* **To do**:
Your answer must be an exact transcription of the data, with every picture omitted.

* **Given information**:
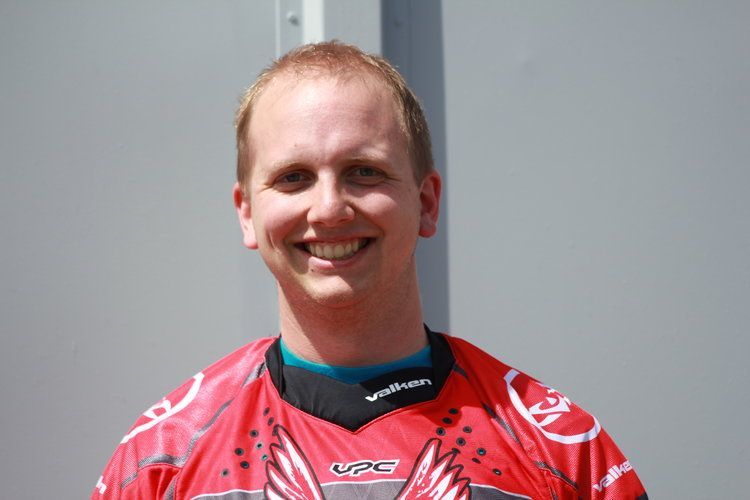 A man wearing a red shirt with wings on it is smiling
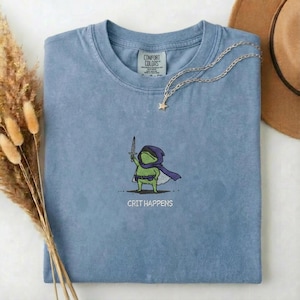May include: A blue crew neck t-shirt featuring an embroidered graphic of a green frog wearing a purple cloak and holding a sword. Below the frog, the text reads CRIT HAPPENS. The shirt has a Comfort Colors label at the inner neckline.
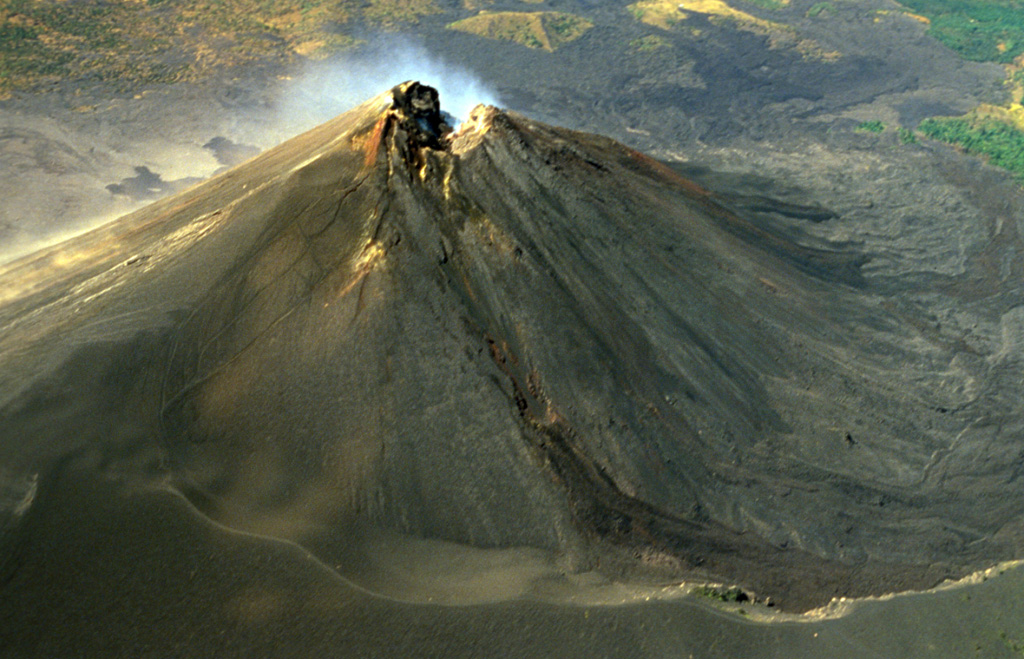 The degassing MacKenney cone summit crater of Pacaya is shown in this February 1999 aerial view from the north. A trail in the foreground is along the rim of a large horseshoe-shaped crater inside which the cone was constructed. Lava flows from the summit crater and flank vents of MacKenney cone have traveled into the moat and subsequently been deflected to the west and south. Copyrighted photo by Stephen and Donna O'Meara, 1999.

* **Answer to the problem**:
 A man wearing a red shirt with wings on it is smiling
May include: A blue crew neck t-shirt featuring an embroidered graphic of a green frog wearing a purple cloak and holding a sword. Below the frog, the text reads CRIT HAPPENS. The shirt has a Comfort Colors label at the inner neckline.
 The degassing MacKenney cone summit crater of Pacaya is shown in this February 1999 aerial view from the north. A trail in the foreground is along the rim of a large horseshoe-shaped crater inside which the cone was constructed. Lava flows from the summit crater and flank vents of MacKenney cone have traveled into the moat and subsequently been deflected to the west and south. Copyrighted photo by Stephen and Donna O'Meara, 1999.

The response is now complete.